At his request, we chose only our entrees and he would take care of the rest.
It came with directions on a a step-by-step process. First, chew up the Sechuan peppercorn: a little tingle will wake up your tongue. Next take the chip and get a scoop of the hiramasa and avocado giving your tongue an instant cooling sensation. A fun way to start. More importantly, the fish was cold, fresh and the perfect pair to the creamy avocado.
< The tuna was delish; sliced paper thin, and delicately wrapped around a golf-ball sized tomato. The shrimp > (sorry for the blurr) were submerged in a flavorful cocktail sauce. A solid rendition of a classic.
OG 1924 Hotel Caesar Salad
Next up was the OG 1924 Hotel Caesar Salad. A work station was wheeled out table side and back to chat it up, was the chef.
He told us that he prefers that the servers chop the salad table-side, this way, he knows that it's properly dressed. Lucky for us, he was up for a demonstration and did it himself.
Though it looks overdressed, the creamy, zesty Caesar dressing was perfectly portioned over the fresh, crisp romaine.
Bacon & Eggs
I'm a Philly girl. And scrapple is one thing that's close to my heart. You can call it lips and ass-holes all you'd like, but it's not gonna slow me down. Especially when doused with syrup.
That being said, while his accent may confuse you, Forgione is from New York. And when I heard him say "mustard" in his scrapple dish description I nearly threw it in reverse. It sounded like sacrilege to me.
Truth be told, how dare I second guess an Iron Chef because it sure was tasty! Crisp scrapple, gooey egg yolk, and that tang of mustard?! It's literally a whole new flavor combination and I'm all about it.
Next out were the BBQ Baked Oysters, the Chili Lobster with Texas Toast, and the Bone Marrow with Burgandy Escargot and a ‘James Beard Salad' which Marc explained was Beard’s favorite – parsley and onion. All were solid winners, hands down. The oysters were fun, with a kind of A-1 flavor. If I could bathe in the chili lobster broth I would. And the marrow was out of this world.
I'll let you scroll through on the food porn shots.
BBQ Baked Oysters
three men whom rounded out our party of four, each ordered a variation on a theme: one with a steak and the chili lobster, one with a steak and the bone marrow and the third, a hanger steak with foie.
Being the only woman at the table, I had felt completely
stereotypical ordering the 10 oz. filet topped with foie gras, but I did and
was perfectly happy with my choice.
I sliced through the charred exterior to reveal a perfectly pink and juicy medium-rare filet. The foie was crisp and creamy and the red wince sauce (not pictured) that I had chosen brought all the flavors together wonderfully.

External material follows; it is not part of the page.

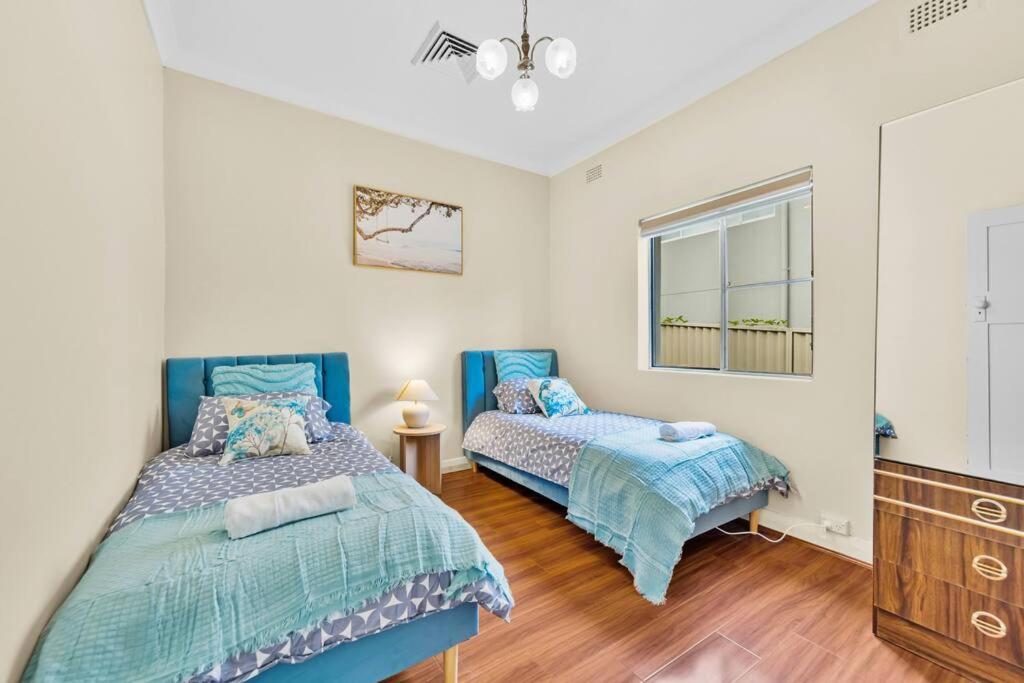 Water View House In Putney Holiday home *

Sometimes, when I write about my food experiences and even
whilst I’m enjoying eating them, I have a temporary moment of disbelief. People
are starving in the world, there’s war and sorrow. And here I am quipping about
the gender implications of my ordering preferences.
Between the hen of the woods mushrooms, the beer battered onion
rings, and the truffled, twice-baked parmesan potatoes, I completely forgot to try both the spinach and the corn that were ordered. But these twice-baked potatoes (see below) are absolutely not to be missed.

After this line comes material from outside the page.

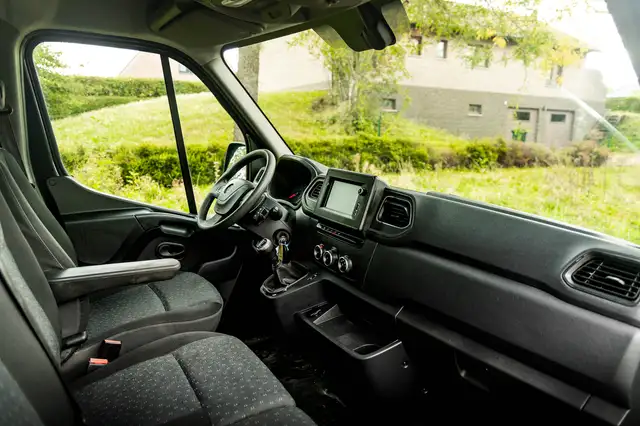 Opel Movano view 7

When the Tomahawk chop hit the table, flaked by half a dozen sides, each settled into its own cast iron pot, visions of Fred Flintstone dancing around with a brontosaurus bone flashed through my head.
Tomahawk Ribeye Chop
Did I mention, the Pinot Noir by the glass? There’s only the one. It’s a wonderful match to the flavors of the menu; it’s served in a small carafe and poured at the table.The wait staff was wonderful: well spoken, attentive, and friendly.
And to have the Chef there was an especially nice touch. He warned that they’d have to wheel us out. And they nearly did. Dessert was a meal in itself and not to be missed.
Mini Ice Cream Cones
Chocolate Chip Cookies
Holy dinner: that was delish. So get to American Cut. It's totally worth the scratch.
Oh yeah, BJs. I knew I forgot something. Dinner at American Cut isn't complete without a BJ, said Chef Marc as he passed out Banana infused Jameson, chilled with a single cube. Ice cold, very cool.